Return all of the lines below exactly as they are.

### Provided records ###

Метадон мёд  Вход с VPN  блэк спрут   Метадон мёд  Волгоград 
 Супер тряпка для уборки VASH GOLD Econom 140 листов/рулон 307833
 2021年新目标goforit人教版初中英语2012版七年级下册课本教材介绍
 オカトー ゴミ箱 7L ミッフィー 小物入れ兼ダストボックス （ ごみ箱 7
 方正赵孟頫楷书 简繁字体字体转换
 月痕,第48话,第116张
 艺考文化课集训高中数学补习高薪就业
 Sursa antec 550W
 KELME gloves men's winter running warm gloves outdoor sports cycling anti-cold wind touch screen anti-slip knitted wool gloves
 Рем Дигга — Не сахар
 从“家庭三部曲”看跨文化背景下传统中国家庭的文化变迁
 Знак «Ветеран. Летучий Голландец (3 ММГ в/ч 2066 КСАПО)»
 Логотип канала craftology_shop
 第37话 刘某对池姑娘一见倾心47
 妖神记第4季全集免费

###

Expected answer:
Метадон мёд  Вход с VPN  блэк спрут   Метадон мёд  Волгоград 
 Супер тряпка для уборки VASH GOLD Econom 140 листов/рулон 307833
 2021年新目标goforit人教版初中英语2012版七年级下册课本教材介绍
 オカトー ゴミ箱 7L ミッフィー 小物入れ兼ダストボックス （ ごみ箱 7
 方正赵孟頫楷书 简繁字体字体转换
 月痕,第48话,第116张
 艺考文化课集训高中数学补习高薪就业
 Sursa antec 550W
 KELME gloves men's winter running warm gloves outdoor sports cycling anti-cold wind touch screen anti-slip knitted wool gloves
 Рем Дигга — Не сахар
 从“家庭三部曲”看跨文化背景下传统中国家庭的文化变迁
 Знак «Ветеран. Летучий Голландец (3 ММГ в/ч 2066 КСАПО)»
 Логотип канала craftology_shop
 第37话 刘某对池姑娘一见倾心47
 妖神记第4季全集免费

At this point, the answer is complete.